2012 Feb 07 15:31:06,303 MST [http-thread-pool-80(1)] DEBUG my.package.ProvisionResource - Entering querySubscriberAccount()
2012 Feb 07 15:31:06,304 MST [http-thread-pool-80(1)] DEBUG my.package.ProvisionService - Entering querySubscriber()
2012 Feb 07 15:35:06,359 MST [http-thread-pool-80(1)] DEBUG my.package.ProvisionResource - Entering querySubscriberAccount()
2012 Feb 07 15:40:33,395 MST [http-thread-pool-80(1)] DEBUG my.package.ProvisionService - Entering querySubscriber()
2012 Feb 07 15:34:06,345 MST [http-thread-pool-80(2)] DEBUG my.package.ProvisionResource - Entering querySubscriberAccount()
2012 Feb 07 15:37:24,372 MST [http-thread-pool-80(2)] DEBUG my.package.ProvisionService - Entering querySubscriber()
2012 Feb 07 15:33:06,332 MST [http-thread-pool-80(4)] DEBUG my.package.ProvisionResource - Entering querySubscriberAccount()
2012 Feb 07 15:34:15,349 MST [http-thread-pool-80(4)] DEBUG my.package.ProvisionService - Entering querySubscriber()
2012 Feb 07 15:37:24,371 MST [http-thread-pool-80(4)] DEBUG my.package.ProvisionResource - Entering querySubscriberAccount()
2012 Feb 07 15:40:36,004 MST [http-thread-pool-80(4)] DEBUG my.package.ProvisionService - Entering querySubscriber()

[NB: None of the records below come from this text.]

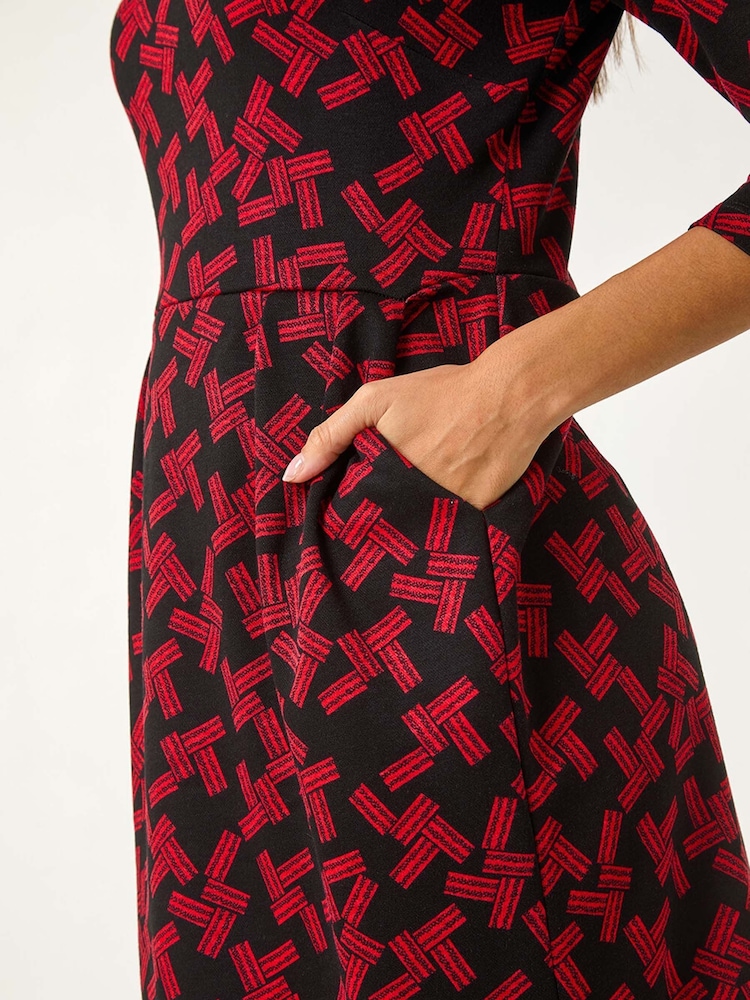 Roman Red Geometric Pleated Pocket Shift Dress - Image 5 of 5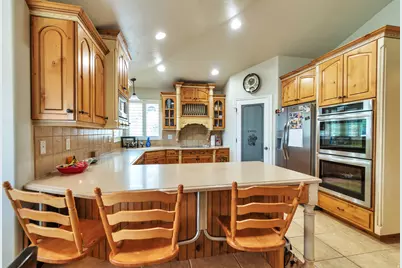 9044 S Pine Laurel Ln W, West Jordan, UT 84081 - Photo 11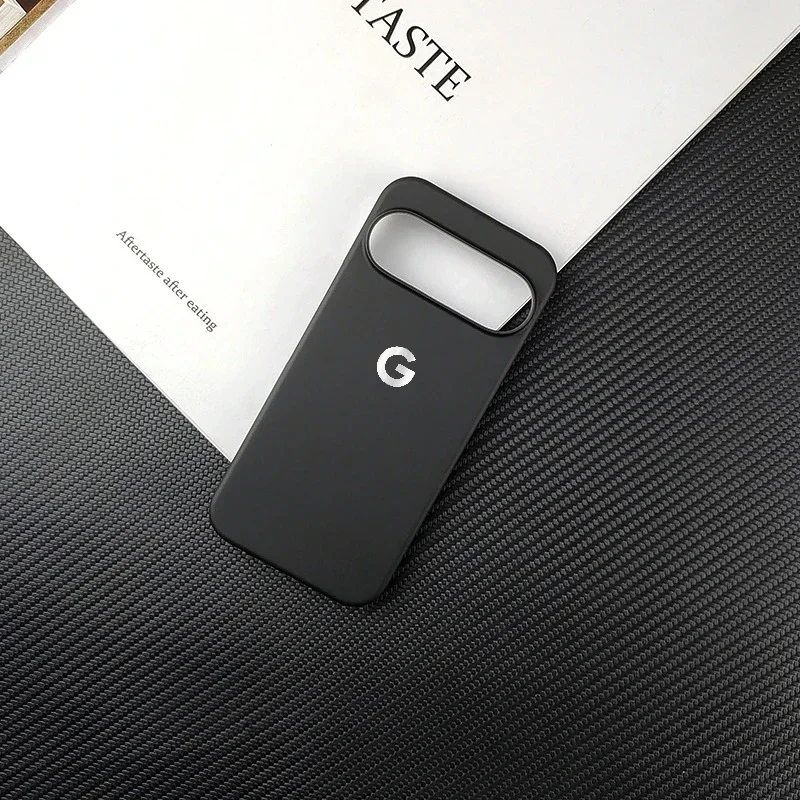 Vibrant Frosted Matte Slim Phone Case with Smooth-Touch Anti-Drop Protection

2012 Feb 07 15:32:06,317 MST [http-thread-pool-80(5)] DEBUG my.package.ProvisionResource - Entering querySubscriberAccount()
2012 Feb 07 15:34:15,325 MST [http-thread-pool-80(5)] DEBUG my.package.ProvisionService - Entering querySubscriber()
2012 Feb 07 15:36:06,373 MST [http-thread-pool-80(5)] DEBUG my.package.ProvisionResource - Entering querySubscriberAccount()
2012 Feb 07 15:40:34,956 MST [http-thread-pool-80(5)] DEBUG my.package.ProvisionService - Entering querySubscriber()
As you can see, the first one called the querySubscriber method in the service almost immediately after entering the resource's querySubscriberAccount. However, subsequent calls to the webservice take ~1 to 5 minutes. There's really nothing happening in the resource that would hold up processing/calling the service.
The webservice is deployed on a Linux server in Glassfish 3.1.1.
Has anyone seen anything like this before?? Any suggestions on what's going on?
EDIT
Just a little more information...
The domain into which the web service war is deployed has 4 applications deployed in it:
the Jersey webservice war which is having issues
an ear which uses a client to the Jersey webservice
a servlet war used to test connections etc. used by the ear (including the Jersey webservice)
another servlet war which does not use the webservice
When we disabled the ear and "other" war file (only the Jersey war and the test servlet were enabled), the latency issue goes away. We re-enabled the war and ear and things still continued to respond in a timely manner. When we redeployed Jersey webservice war (made some logging changes), the latency problem immediately came back.
Thread dump can be used to find out what code (including stack traces) is running and the current moment inside Java process. jps tool will help in get getting PID of the required JVM instance.